If the Spanish text didn’t have proper accents, that caused problems because the back-translation would often have proper accents. In my example chat, I typed “Si” for yes even though it should be “Sí”, but it’s easy to tell from context that it means “yes”, not “if”. Unfortunately, the back-translation metric gave full score to the MT system that translated it as “if” (incorrect) and zero to the MT systems that translated as “yes” (correct).
It also had problems with English -> Spanish -> English if the source English had contractions because the MT systems rarely produced contractions in the back-translation. I’m guessing it’s because 1) Spanish doesn’t have the same kinds of contractions as “don’t” 2) MT systems are trained on more formal language. In the end it meant that any source English with a contraction got lower back-translation scores for all systems.
Sometimes MT systems would also add punctuation as appropriate, like a period at the end even if it wasn’t in the original. This doesn’t make the translation bad, but slightly reduces the automated score.

Overall, a quality score feels like a good direction but this particular quality score doesn’t feel reliable enough for real medical practice.

Ideas that didn’t work out (yet)

I looked into a number of other directions briefly but couldn’t get them to work in time:

Publications point to the Pan American Health Organization Machine Translation System (PAHOMTS) as a good classical translation system. I reached out to PAHO but there aren’t licenses for research use.
I was originally thinking that if multiple translation systems agreed, the translation was probably good. But the translation systems very rarely agreed on the exact translation unless the input was very short.
Another thought was to hide the additional translations in the cases when they agreed, but it can be tricky to get dynamic user interfaces right so I didn’t pursue that further (yet).
I wanted to render word alignment in the user interface so that doctors would verify the way highly important words are translated, but haven’t tried that yet.
I found that AirBnb does translation of pages, but it looks like it’s human in the loop translation and it’s not realtime.
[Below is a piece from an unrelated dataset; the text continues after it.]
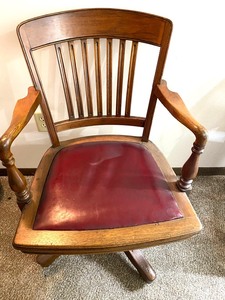 lot 61 image: Walnut Office Chair w Leather Seat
They might have translation of chat messages but I didn’t find any publications about it.
It would’ve been nice to use Spacy part of speech tagging to filter dictionary definitions, it just takes a bit of extra work to align the Spacy tags to each dictionary’s POS tags.
I really need a way to do definitions of phrases, though that again points more towards using word alignment. I frequently found even for myself that I needed to verify phrasal verbs, and it was pretty slow to do so I often didn’t do it
I really wanted to have photo avatars for each user and each MT system to make the chat more skimmable. It would also enable users to develop cognitive associations between MT system avatars and levels of typical quality.

Challenges & Takeaways

It makes sense to use multiple translation systems, but the current user interface takes up too much screen space to be practical. I’m skeptical that there’s any way to show the output of four systems in a way that doesn’t slow doctors down though.

An automated quality score is useful, but it needs to be more focused on adequacy and less focused on fluency to be trustworthy.

The lack of accents in informal Spanish will likely be a bigger problem than I expected for practical use. I’ll probably need an accent-insensitive MT system.

The integration of translation dictionaries was a useful direction. It’s even handy for me while developing the system. The main limitation is that I didn’t find a good way to include phrase definitions. I think word/phrase alignment is the most promising idea to handle this.

On the bright side, off the shelf translation systems did better than I expected with medical terms.

Next steps

I’m going for pause for a few days to reflect and consider my options.

I feel that the goal should be a system that’s much more compact, but I don’t know what would work to get there. I wish it were easier for users to verify the quality of translations. And I haven’t made as much progress as I’d like in helping users to understand how the translations are generated.